• [Exercise]
Your copy should hold every record verbatim and none of the pictures.

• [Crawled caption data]
========================================================================

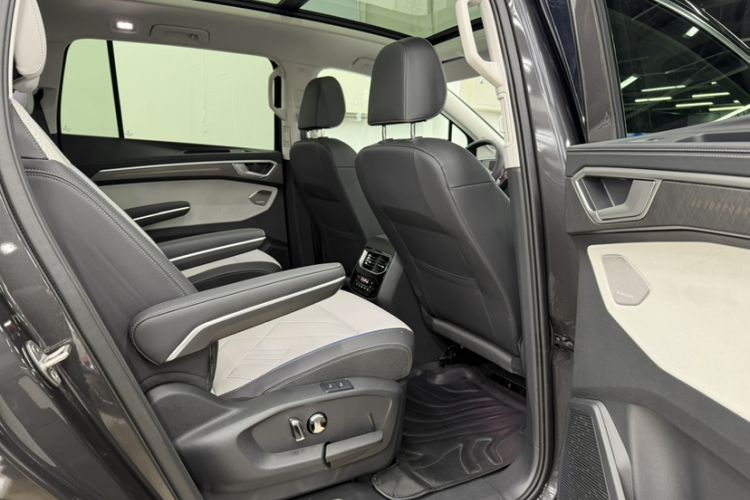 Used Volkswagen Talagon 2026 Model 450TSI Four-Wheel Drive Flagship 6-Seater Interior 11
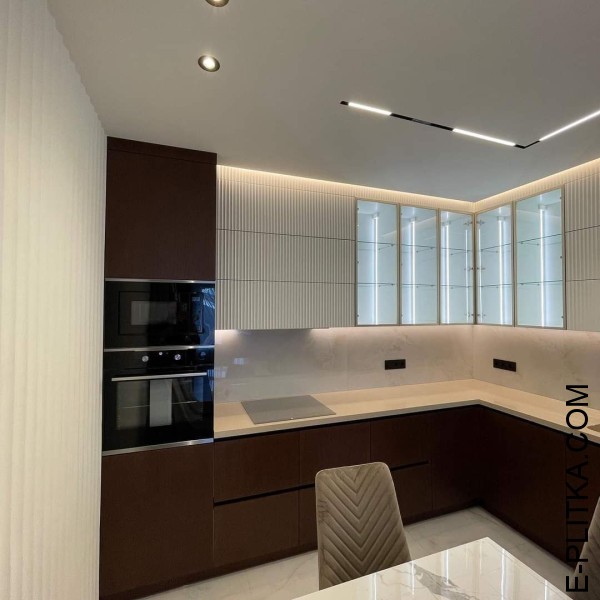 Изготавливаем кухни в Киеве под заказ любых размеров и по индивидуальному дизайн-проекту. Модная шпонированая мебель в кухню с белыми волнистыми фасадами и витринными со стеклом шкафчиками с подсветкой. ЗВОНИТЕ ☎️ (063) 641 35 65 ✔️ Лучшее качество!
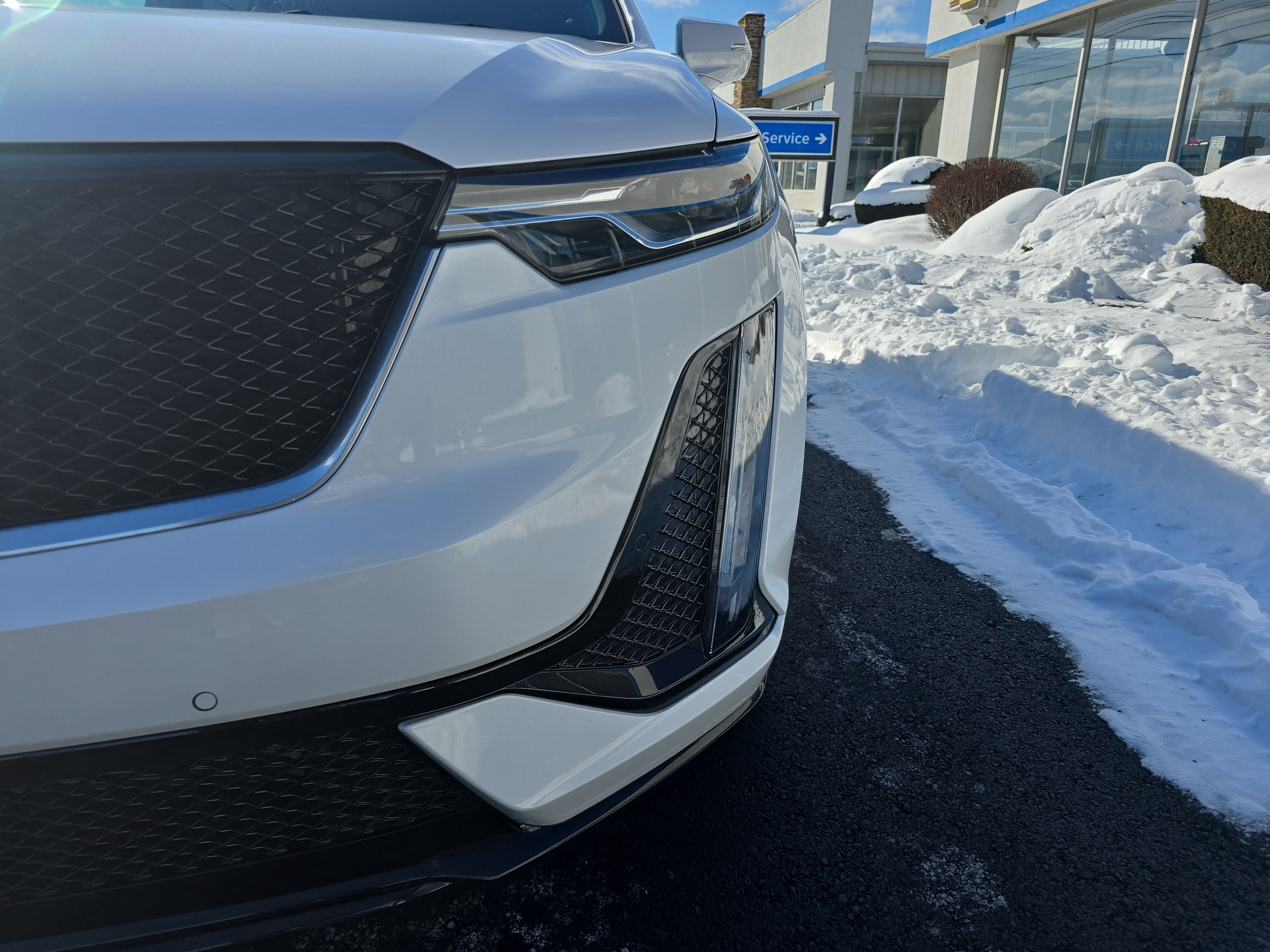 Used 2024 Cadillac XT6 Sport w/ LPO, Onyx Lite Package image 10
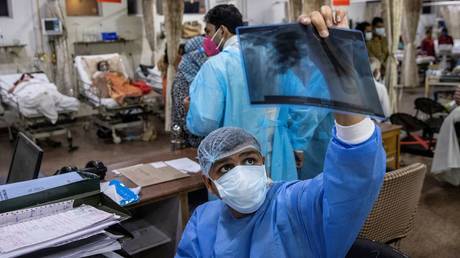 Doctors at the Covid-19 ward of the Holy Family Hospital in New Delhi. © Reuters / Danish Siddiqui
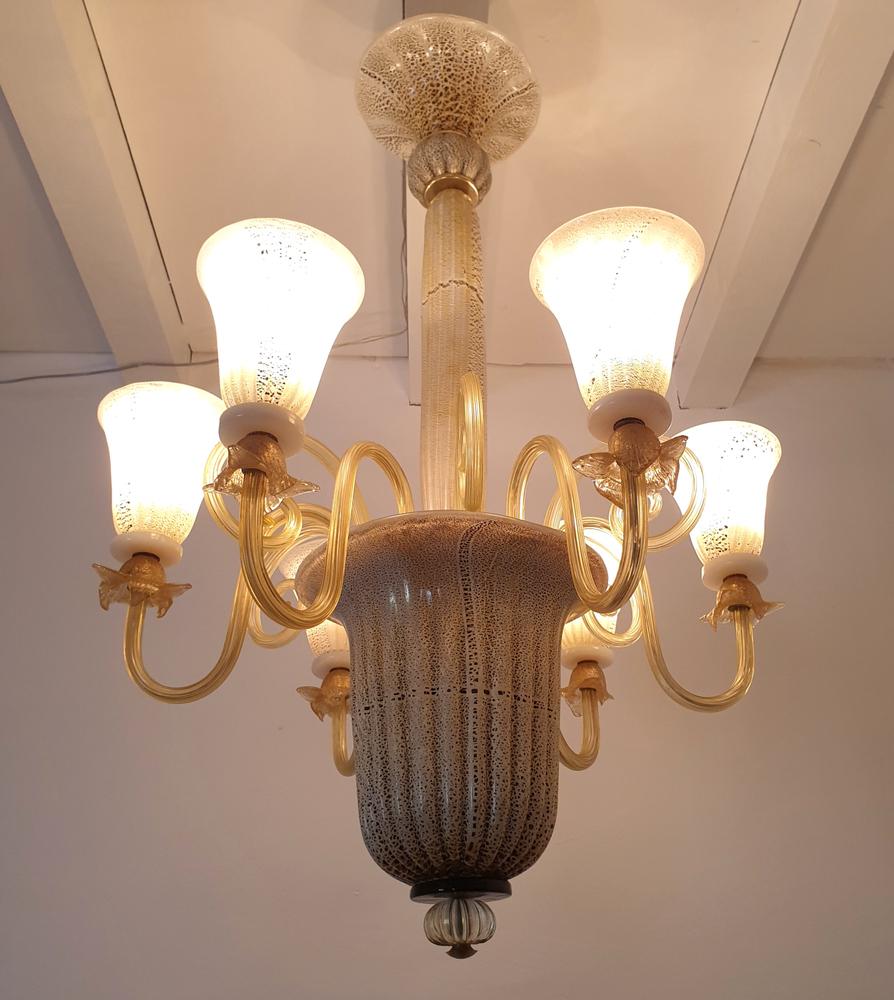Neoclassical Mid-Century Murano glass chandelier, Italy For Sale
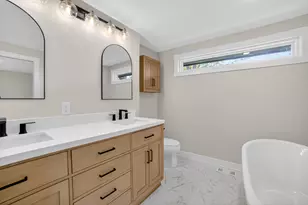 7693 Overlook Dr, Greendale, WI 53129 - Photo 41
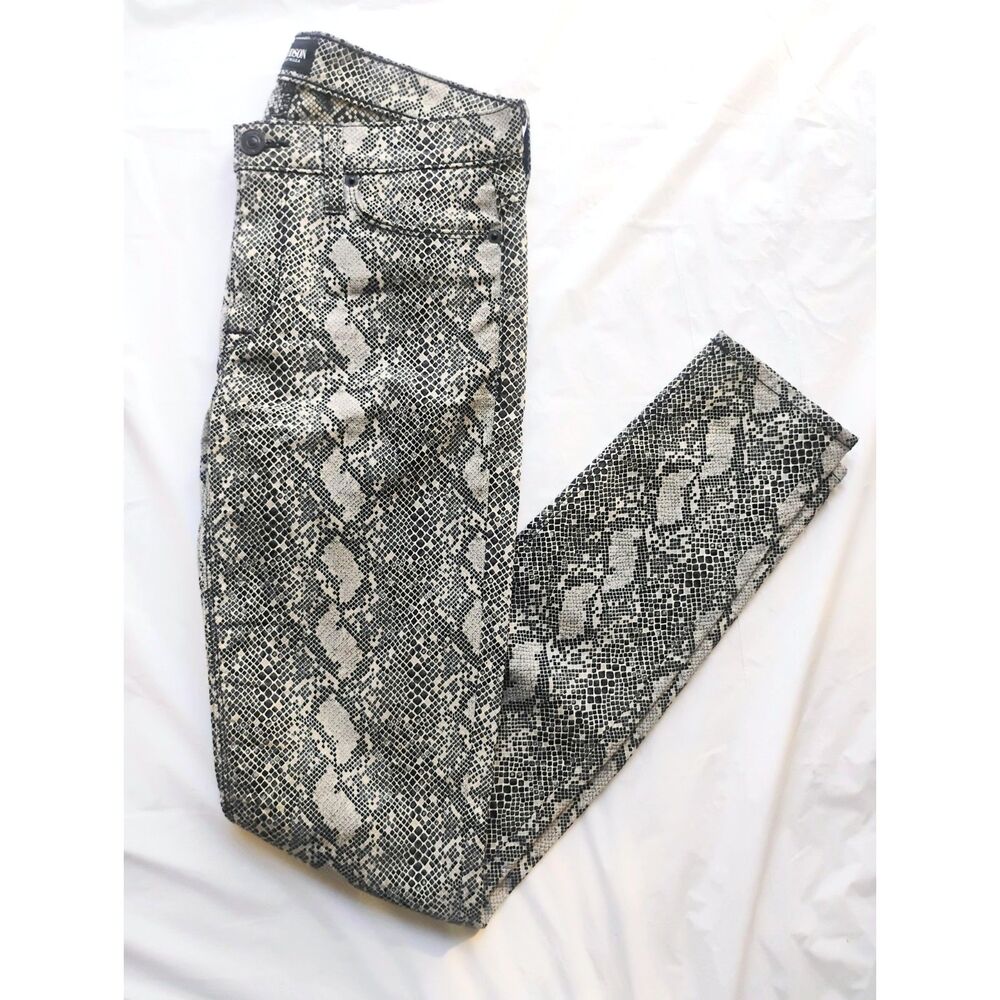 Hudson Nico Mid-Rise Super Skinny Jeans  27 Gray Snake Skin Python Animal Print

========================================================================

• [Solution]
 Used Volkswagen Talagon 2026 Model 450TSI Four-Wheel Drive Flagship 6-Seater Interior 11
 Изготавливаем кухни в Киеве под заказ любых размеров и по индивидуальному дизайн-проекту. Модная шпонированая мебель в кухню с белыми волнистыми фасадами и витринными со стеклом шкафчиками с подсветкой. ЗВОНИТЕ ☎️ (063) 641 35 65 ✔️ Лучшее качество!
 Used 2024 Cadillac XT6 Sport w/ LPO, Onyx Lite Package image 10
 Doctors at the Covid-19 ward of the Holy Family Hospital in New Delhi. © Reuters / Danish Siddiqui
Neoclassical Mid-Century Murano glass chandelier, Italy For Sale
 7693 Overlook Dr, Greendale, WI 53129 - Photo 41
 Hudson Nico Mid-Rise Super Skinny Jeans  27 Gray Snake Skin Python Animal Print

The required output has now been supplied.